Re: [PATCH] EDAC, dmc520:: add DMC520 EDAC driver

From: James Morse
Date: Mon Jan 21 2019 - 12:09:32 EST


Hi Sasha, Rui,

On 18/01/2019 16:23, Sasha Levin wrote:
> From: Rui Zhao <ruizhao@xxxxxxxxxxxxx>
> New driver supports DRAM error detection and correction on DMC520
> controller.

> Validated on actual hardware: DRAM errors showed up once the DDR core
> voltage was lowered down by 200+mV using test tool.

That's quite cool!


> ---
> MAINTAINERS | 6 +
> drivers/edac/Kconfig | 7 +
> drivers/edac/Makefile | 1 +
> drivers/edac/dmc520_edac.c | 495 +++++++++++++++++++++++++++++++++++++
> 4 files changed, 509 insertions(+)
> create mode 100644 drivers/edac/dmc520_edac.c

Where do I find the dt-binding for this?

It would be good if we can make this generic, so it works on all platforms with
a DMC520, possibly along with other components. (e.g. the a15 L2 driver posted
recently).

This will mostly be getting the DT right, as we can refactor the code when a
second user comes along, but can't change the DT format.


The TRM describes 'a set of interrupts', which ones does the binding anticipate
are wired up for this? There are separate status bits for corrected and
uncorrected, and one pair for dram versus ram. (not sure what this corresponds
with).

Do we care about the link-error interrupt?


It looks you're platform has wired corrected and uncorrected dram up as separate
SPI, but not touched the ram interrupts. These are choices the soc designers
made, we need to capture this stuff in the binding.

A system may have multiple memory controllers, they may share the interrupts.

(It looks like you've folded these corners out by not using IRQF_SHARED: this
driver only works for independent interrupts, which can run concurrently, but
work fine because the only register they both touch is interrupt_clr, which is
write-only.)


For these pre-v8.2-RAS things the expectation is firmware handles all this
stuff.
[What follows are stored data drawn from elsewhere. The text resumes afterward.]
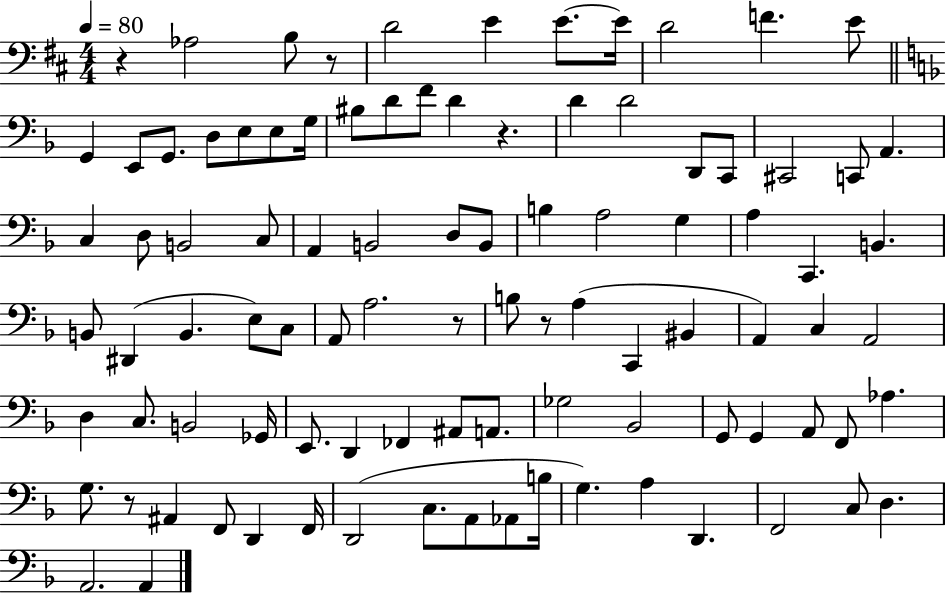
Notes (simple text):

R/q Ab3/h B3/e R/e D4/h E4/q E4/e. E4/s D4/h F4/q. E4/e G2/q E2/e G2/e. D3/e E3/e E3/e G3/s BIS3/e D4/e F4/e D4/q R/q. D4/q D4/h D2/e C2/e C#2/h C2/e A2/q. C3/q D3/e B2/h C3/e A2/q B2/h D3/e B2/e B3/q A3/h G3/q A3/q C2/q. B2/q. B2/e D#2/q B2/q. E3/e C3/e A2/e A3/h. R/e B3/e R/e A3/q C2/q BIS2/q A2/q C3/q A2/h D3/q C3/e. B2/h Gb2/s E2/e. D2/q FES2/q A#2/e A2/e. Gb3/h Bb2/h G2/e G2/q A2/e F2/e Ab3/q. G3/e. R/e A#2/q F2/e D2/q F2/s D2/h C3/e. A2/e Ab2/e B3/s G3/q. A3/q D2/q. F2/h C3/e D3/q. A2/h. A2/q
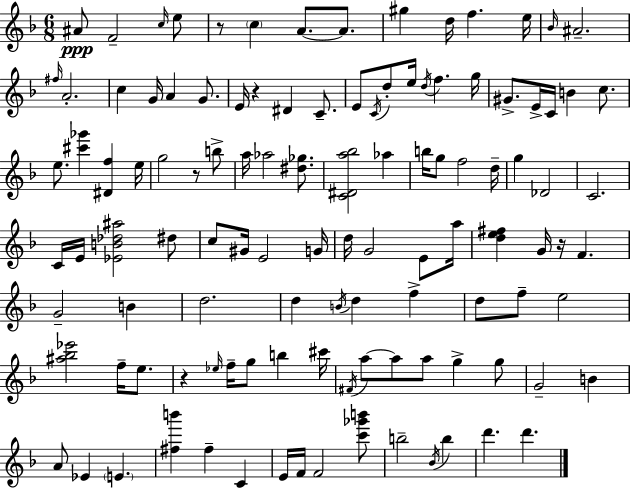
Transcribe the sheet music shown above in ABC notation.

X:1
T:Untitled
M:6/8
L:1/4
K:F
^A/2 F2 c/4 e/2 z/2 c A/2 A/2 ^g d/4 f e/4 _B/4 ^A2 ^f/4 A2 c G/4 A G/2 E/4 z ^D C/2 E/2 C/4 d/2 e/4 d/4 f g/4 ^G/2 E/4 C/4 B c/2 e/2 [^c'_g'] [^Df] e/4 g2 z/2 b/2 a/4 _a2 [^d_g]/2 [C^Da_b]2 _a b/4 g/2 f2 d/4 g _D2 C2 C/4 E/4 [_EB_d^a]2 ^d/2 c/2 ^G/4 E2 G/4 d/4 G2 E/2 a/4 [de^f] G/4 z/4 F G2 B d2 d B/4 d f d/2 f/2 e2 [^a_b_e']2 f/4 e/2 z _e/4 f/4 g/2 b ^c'/4 ^F/4 a/2 a/2 a/2 g g/2 G2 B A/2 _E E [^fb'] ^f C E/4 F/4 F2 [c'_g'b']/2 b2 _B/4 b d' d'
I'm surprised your platform hasn't made the memory-controller
'secure-only', so only platform-firmware can touch it.

I can't see how this could be used on v8/aarch64, it would imply there is no
firmware, which suggests this is a UP system. (or firmware trusts linux not to
mess it up!)

I'm guessing this is for 32bit, where on your platform linux is running in
'secure'. This is a significant platform policy, to make this generic we'd need
to find a way of describing it. i.e., other platforms may have a dmc520, the DT
may describe where it is, but linux can't touch it.
I believe that today this depends on the bootloader knowing which nodes to
remove when starting linux.

I think this policy-bit can be done by having a soc-family/vendor specific
driver that knows which of the edac components can be used on this platform.
The altera driver does something along these lines in altr_sdram_probe().
Obviously if we can have all the data come from DT that is better.
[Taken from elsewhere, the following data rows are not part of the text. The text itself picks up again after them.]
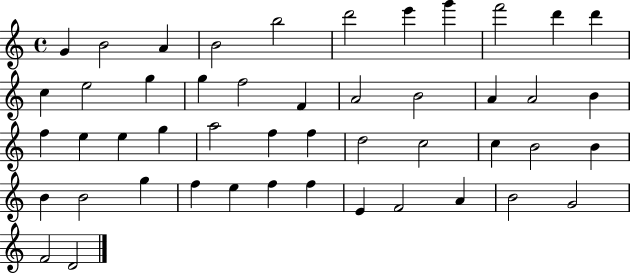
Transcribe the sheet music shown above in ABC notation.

X:1
T:Untitled
M:4/4
L:1/4
K:C
G B2 A B2 b2 d'2 e' g' f'2 d' d' c e2 g g f2 F A2 B2 A A2 B f e e g a2 f f d2 c2 c B2 B B B2 g f e f f E F2 A B2 G2 F2 D2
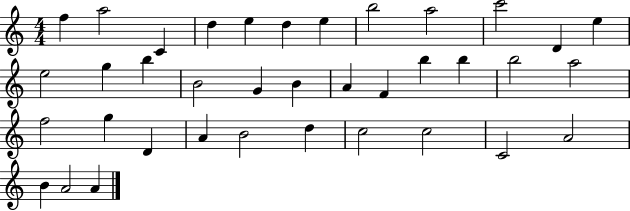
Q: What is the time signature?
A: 4/4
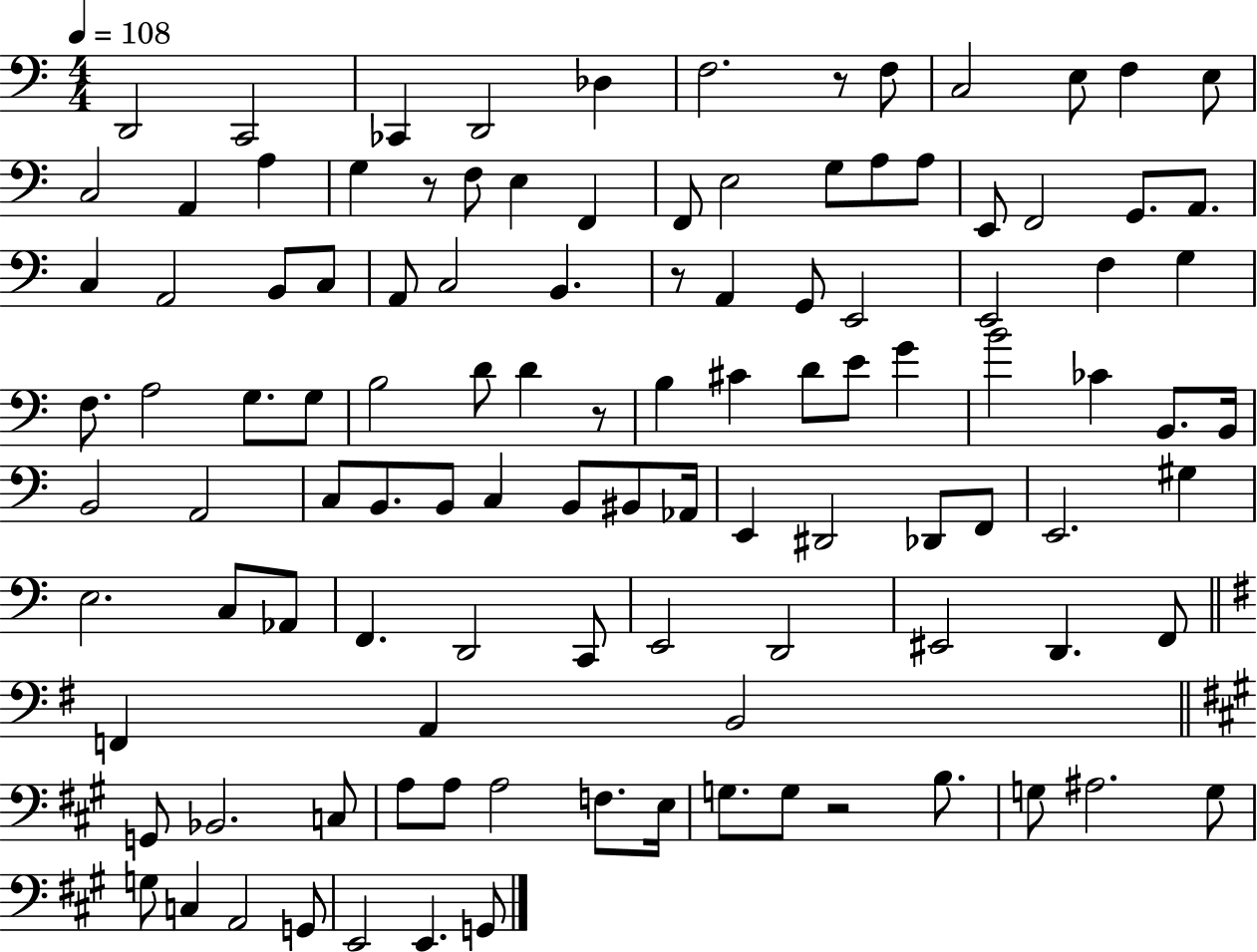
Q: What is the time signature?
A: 4/4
> diff --git a/drivers/edac/dmc520_edac.c b/drivers/edac/dmc520_edac.c
> new file mode 100644
> index 000000000000..5f14889074af
> --- /dev/null
> +++ b/drivers/edac/dmc520_edac.c
> @@ -0,0 +1,495 @@

> +/* Driver settings */
> +#define DMC520_EDAC_CHANS 1
> +#define DMC520_EDAC_ERR_GRAIN 1
> +#define DMC520_EDAC_INT_COUNT 2
> +#define DMC520_EDAC_BUS_WIDTH 8

Should these be in the DT?
If someone else has a dmc520 configured slightly differently, how can we get
both systems going, without having to change your system's DT?
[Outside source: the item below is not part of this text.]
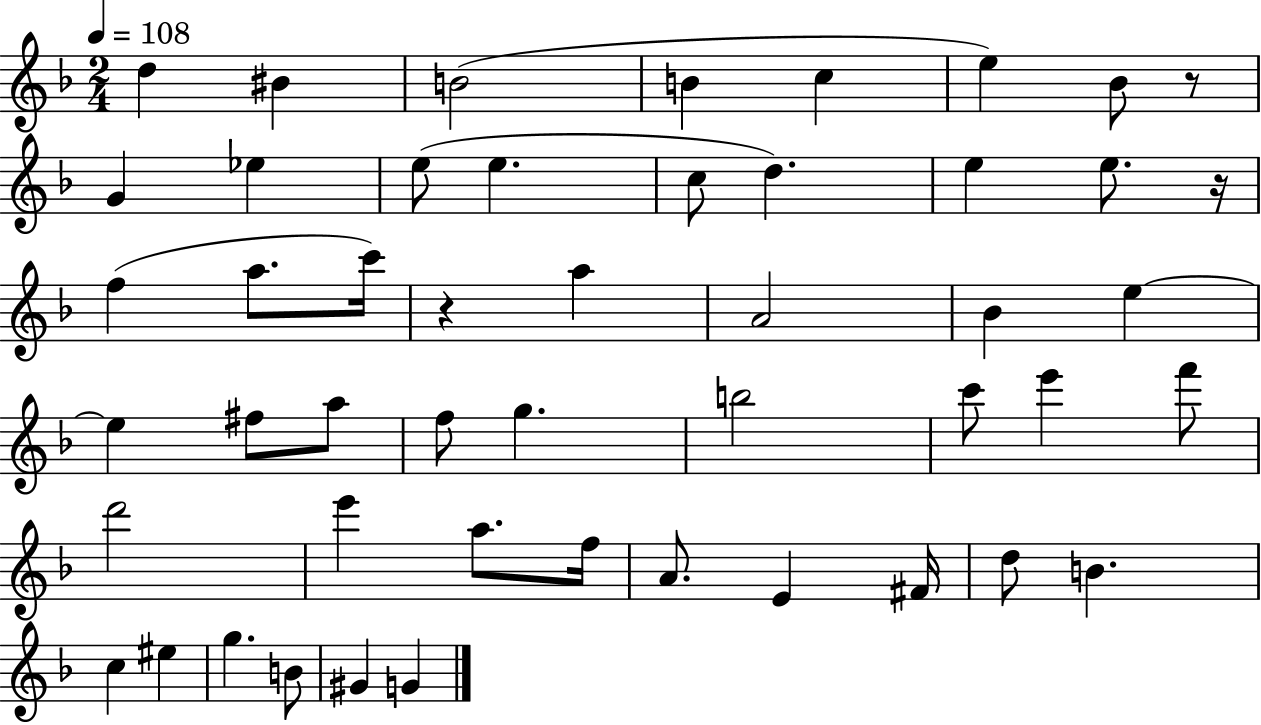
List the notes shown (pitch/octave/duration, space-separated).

D5/q BIS4/q B4/h B4/q C5/q E5/q Bb4/e R/e G4/q Eb5/q E5/e E5/q. C5/e D5/q. E5/q E5/e. R/s F5/q A5/e. C6/s R/q A5/q A4/h Bb4/q E5/q E5/q F#5/e A5/e F5/e G5/q. B5/h C6/e E6/q F6/e D6/h E6/q A5/e. F5/s A4/e. E4/q F#4/s D5/e B4/q. C5/q EIS5/q G5/q. B4/e G#4/q G4/q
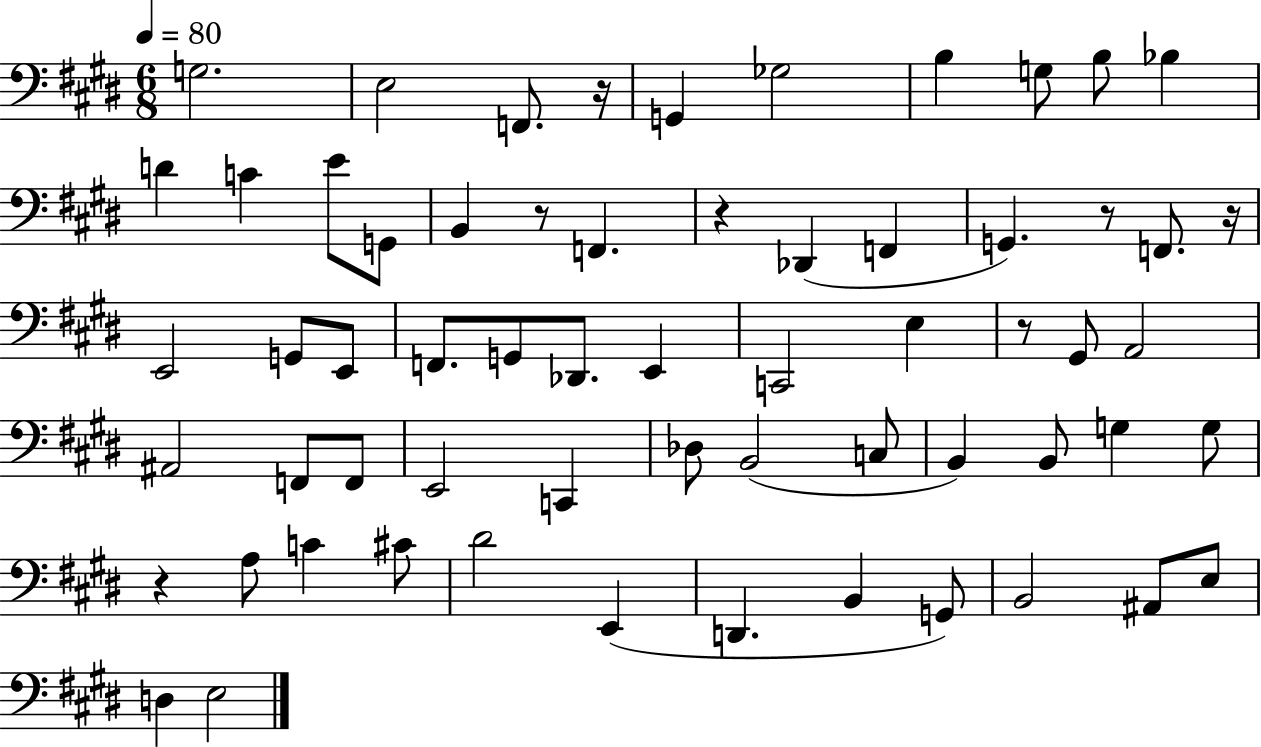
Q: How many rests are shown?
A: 7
> +static bool dmc520_is_ecc_enabled(struct dmc520_edac *edac)
> +{
> + u32 reg_val = dmc520_read_reg(edac, REG_OFFSET_FEATURE_CONFIG);
> +
> + return (FIELD_GET(REG_FIELD_DRAM_ECC_ENABLED, reg_val) != 0);
> +}

Ah, so there is firmware that sets this up and enables it ...


> +static int dmc520_edac_probe(struct platform_device *pdev)
> +{
> + struct dmc520_edac *edac;
> + struct mem_ctl_info *mci;
> + struct edac_mc_layer layers[2];
> + int ret, irq;
> + struct resource *res;
> + void __iomem *reg_base;
> +
> + res = platform_get_resource(pdev, IORESOURCE_MEM, 0);
> + reg_base = devm_ioremap_resource(&pdev->dev, res);
> + if (IS_ERR(reg_base))
> + return PTR_ERR(reg_base);
> +
> + layers[0].type = EDAC_MC_LAYER_CHIP_SELECT;
> + layers[0].size = dmc520_get_rank_count(reg_base);
> + layers[0].is_virt_csrow = true;
> +
> + layers[1].type = EDAC_MC_LAYER_CHANNEL;
> + layers[1].size = DMC520_EDAC_CHANS;
> + layers[1].is_virt_csrow = false;

If you can read the rank count, why hard code the bank?
(which is what I assume channels corresponds to ... although this has confused
me before [0]).


> + platform_set_drvdata(pdev, mci);
> +
> + mci->pdev = &pdev->dev;
> + mci->mtype_cap = MEM_FLAG_DDR3 | MEM_FLAG_DDR4;
> + mci->edac_ctl_cap = EDAC_FLAG_NONE | EDAC_FLAG_SECDED;

> + mci->scrub_cap = SCRUB_HW_SRC;
> + mci->scrub_mode = SCRUB_NONE;

Is this saying the device supports error scrubbing, but its disabled?
Do we know that?

Can the user try and turn it on? (I can't find anything that reads this!)

It doesn't look like we can configured scrubbing if it wasn't done at boot.
3.3.245 scrub_control0_now of the TRM has "Cannot be written to and only updated
when in CONFIG or LOW-POWER states". I assume we can't put this thing back into
config mode when we're running.


[...]

> + /* Check ECC CE/UE errors */
> + dmc520_handle_ecc_errors(mci, true, false);
> + dmc520_handle_ecc_errors(mci, false, false);

Do we know overflow=false?


> + /* Enable interrupts */
> + dmc520_write_reg(edac,
> + DRAM_ECC_INT_CE_MASK | DRAM_ECC_INT_UE_MASK,
> + REG_OFFSET_INTERRUPT_CONTROL);


What if they were enabled before? (e.g. enabled by firmware, the bootloader or
kdump). If they're already enabled, can we race with the interrupt handler on
another CPU and get double reporting of the error counter?


Thanks,

James

[0] https://lore.kernel.org/lkml/d4ee6d3a-b3ac-2986-40db-8423de7e960a@xxxxxxx/